I run between 5-8 feet depending on water clarity


----------



## Leschamp19 (Aug 21, 2010)

You are right lundking, I was talking about the leader ! I guess I should have been a little more specific ! 


Outdoor Hub mobile, the outdoor information engine


----------



## JoyOfFishing (Oct 3, 2012)

Do you put meat on the spoon or is it better w/o so that it has better action?


----------



## Lundy (Apr 5, 2004)

Budman,

Did you used to dock in the Vermilion river?

I think you fished the last HawgFest did you not. I remember talking with you in Vermilion when I was up there doing advance preparation for the tourney.


----------



## jay2670 (Nov 6, 2004)

Hello can someone give me the location for "D" CAN?? Thank you


----------



## WalleyeRunner (Jun 4, 2012)

D can is 41.38.57 82.57.39 on your GPS. Good luck!


----------



## hiddenlake (Dec 29, 2004)

Can I buy Tru Trips at local bait shops$


Posted using Outdoor Hub Campfire


----------



## WalleyeRunner (Jun 4, 2012)

Most the bait shops carry them like happy hooker or dreamcatcher.


----------



## hiddenlake (Dec 29, 2004)

Tru Trips take your bait away from boat?


Posted using Outdoor Hub Campfire


----------



## Panfisher1402 (Apr 8, 2011)

hiddenlake said:


> Tru Trips take your bait away from boat?


No Tru Trips are divers. 



Posted using Outdoor Hub Campfire


----------



## BudManCharters (Apr 20, 2012)

Leschamp I always run 6 foot leads on flurocarbon line.


----------



## BudManCharters (Apr 20, 2012)

Hi-Way Bait also has Tru-Trip divers too.


----------



## BudManCharters (Apr 20, 2012)

No, Tru-Trips makes your spoon, harness or ripstick dive to a desired depth. Clip your line on the planar board line and it slides down and away from your boat. The diver goes to a determined depth based on how much line you put out before clipping it to the planar board line.


----------



## BudManCharters (Apr 20, 2012)

JoyOfFishing i do no tip my spoons however some people do especially when it is a slow bite. I do believe it affects the action of the spoon.


----------



## BudManCharters (Apr 20, 2012)

Lundy, I move to Vermilion in September every year for those big females....just sayin.


----------



## Lundy (Apr 5, 2004)

BudManCharters said:


> Lundy, I move to Vermilion in September every year for those big females....just sayin.
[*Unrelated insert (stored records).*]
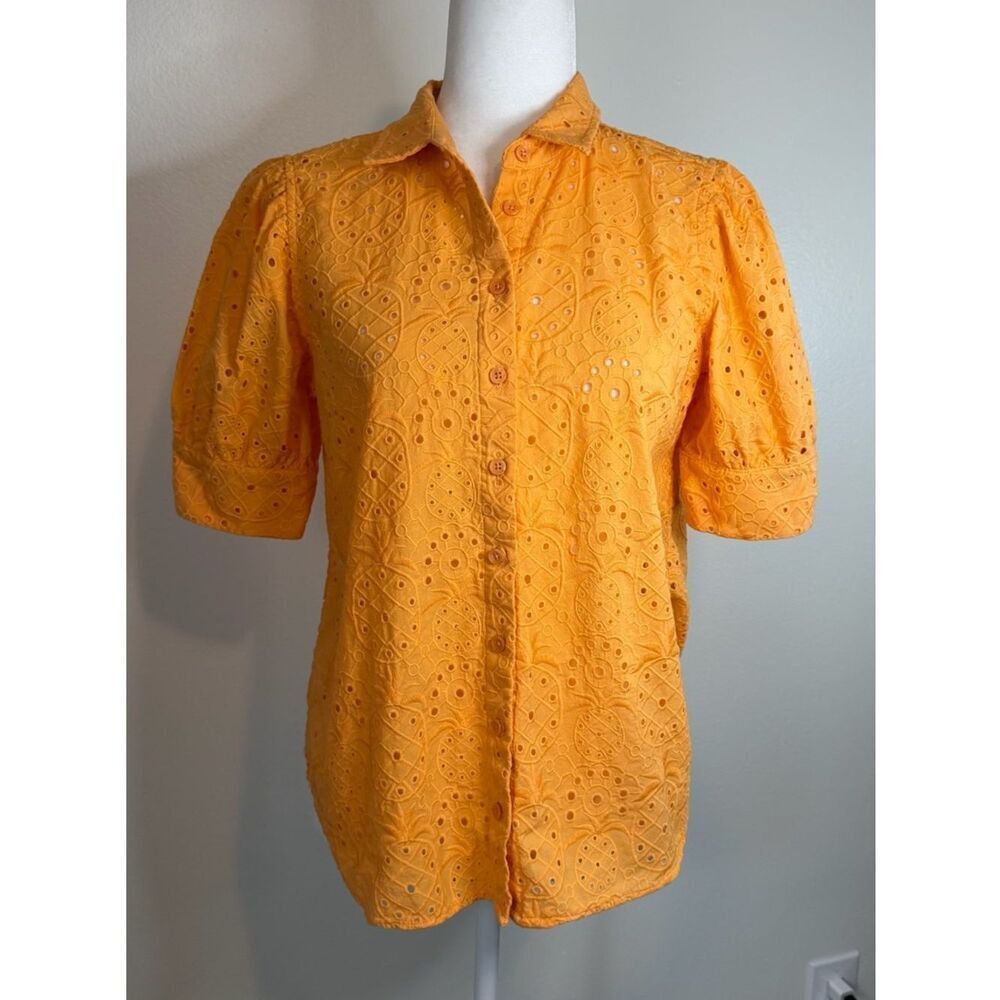 Chico’s Top Eyelet Cotton Puff Sleeves Pinapple Embroidery Size 0 (small 4)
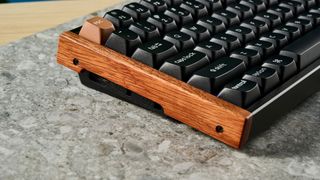 The Keychron K2 HE keyboard in black and wood effect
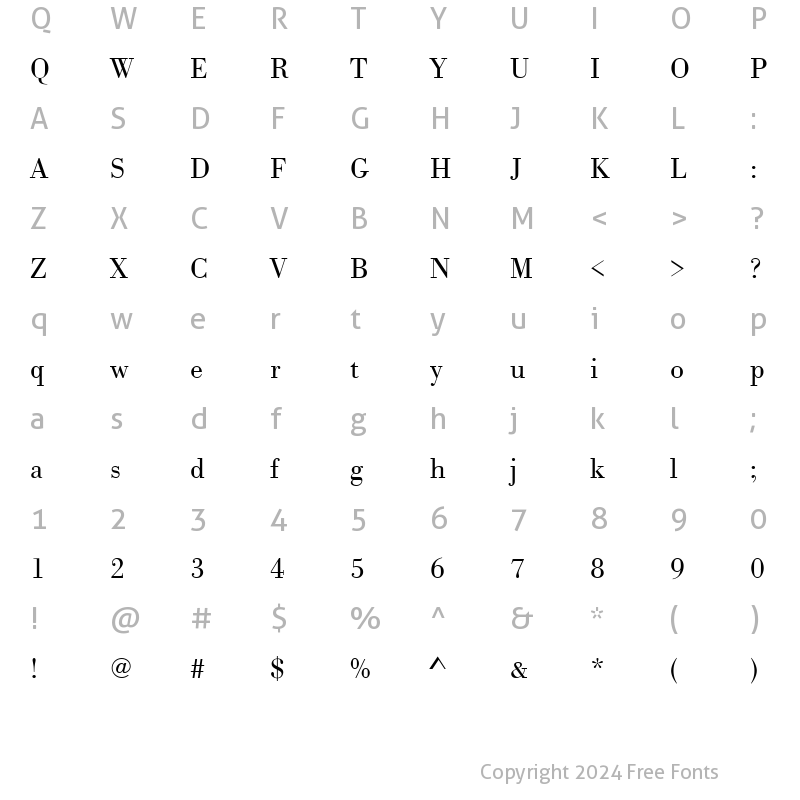 Character Map of BodoniAntTLig Regular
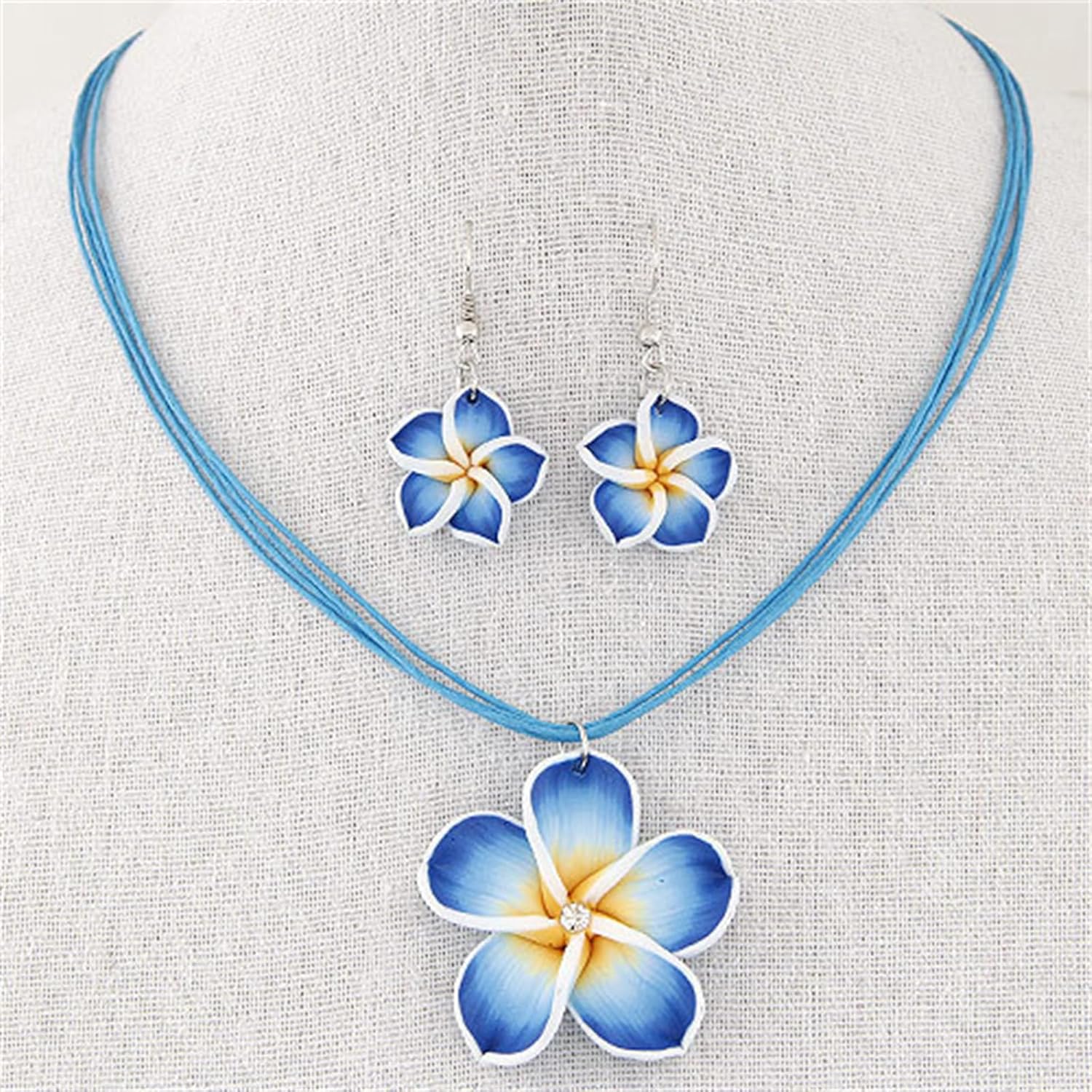 Dreuyet Colorful Plumeria Rubra Necklace Earrings Set for Women Elegant Hawaiian Style Flower Necklaces Bohemia Tropical Flower Dangle Earrings Luau Beach Party Accessories - Image 5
You still talking about walleye?


----------



## KaGee (Sep 8, 2006)

hiddenlake said:


> Can I buy Tru Trips at local bait shops$
> 
> 
> Posted using Outdoor Hub Campfire


Look here: http://www.bigfishtuff.com/index.php?route=information/information&information_id=7 or you can buy from them direct.


----------



## BudManCharters (Apr 20, 2012)

Whatever comes first!!!!


----------